Thursday, 29 April 2010

Trust and Twitter - Thoughts from SAScon

SEO and social media bods flocked to the Bridgewater Hall on Wednesday for the very first SAScon event. The conference, set up by a number of companies, including Manchester SEO agency Push On and PR gurus Brazen, was an intellectual affair which saw a host of household names talk social marketing and search engine optimisation. And very good it was too.

One of the main themes flowing through the conference, particularly from the social media workshops, was the need for engagement; the importance of understanding and forming a relationship with an audience. It was a topic brought up in each of the three SM panels throughout the course of the day.

The point was repeatedly raised in one of the last sessions. During one of the most engaging panels, a number of business leaders, including Phil Jones, director of Brother UK, spoke about the various techniques employed by big brands in the social medium.

“Our mantra is 'time, attention and trust,” Jones commented.


Trust is the ultimate goal for anyone in social media. A single person wants their opinion to be trusted, while a company wants someone to trust in their products and brand.
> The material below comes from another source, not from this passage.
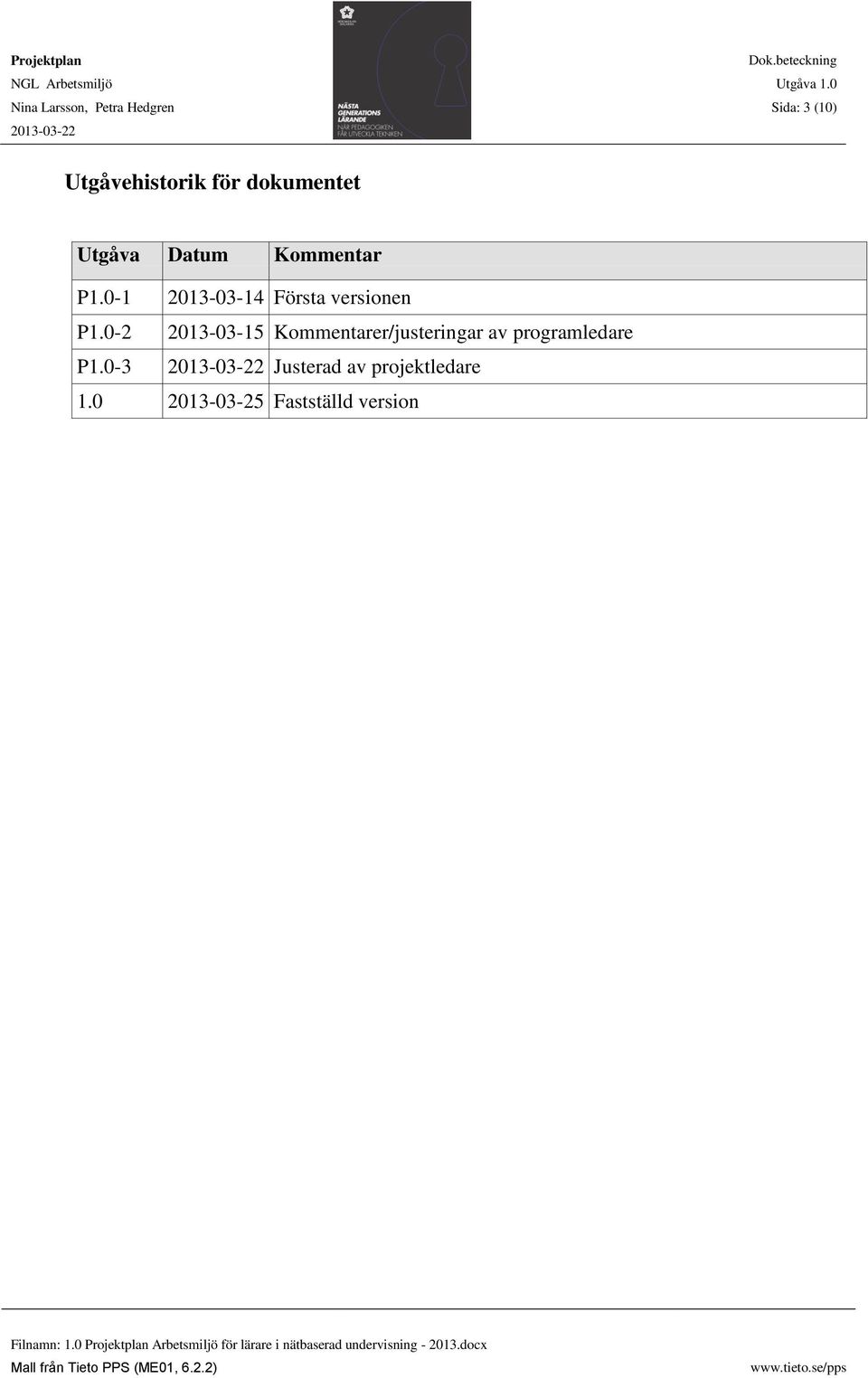 0-1 2013-03-14 Första versionen P1.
But it isn't an easy emotion for brands to earn. It's a fickle concept and to gain the trust of an individual doesn't necessarily mean that you obtain the goodwill of the collective.

Trust has a face

Trust, according to a number of the panellists during the day, is a product which results from the authenticity of an account; consumers desire transparency.
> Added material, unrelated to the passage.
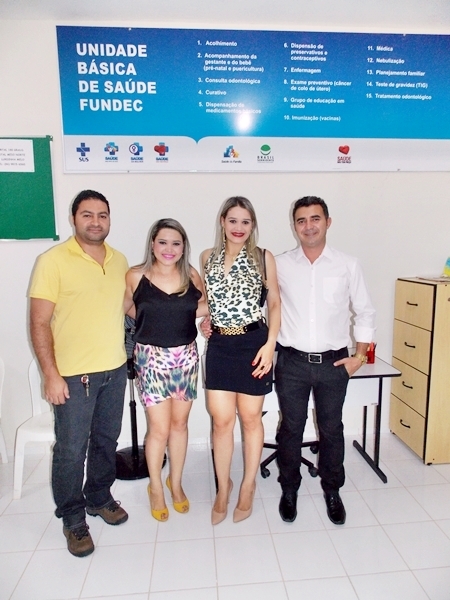 Prefeito Antônio Parambú e Secretária de Saúde Emanuela Machado entregam Ampliação do Posto FUNDEC - Imagem 4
Several speakers commented that users want to know the person behind the keyboard of an account, regardless of whether the author is an M.D or a customer service assistant. This tactic quickly establishes a human connection with the customer, theoretically making it somewhat easier to gain the trust of the user.

I'd argue that this is one of the most important factors when it comes to establishing a trusting relationship between brand and consumer.

Indeed, a number of social campaigns, particularly on Twitter, immediately make it clear who is operating the account – Kellogg's and Vodafone (both pictured below) immediately spring to mind. These profiles immediately establish a human connection.

Of course, trust cannot only be influenced by a picture of someone in a snorkel. It has to be earned through engagement, transparency and openness. Still, I'd say that a 'personalised company account' is far better at establishing a rapport with a consumer than an avatar of a corporate logo. A person has dreams, fears and bills to pay. You can relate to that.

Comparatively, a logo has sales projections and efficiency drives.

Which one would you rather trust with your money?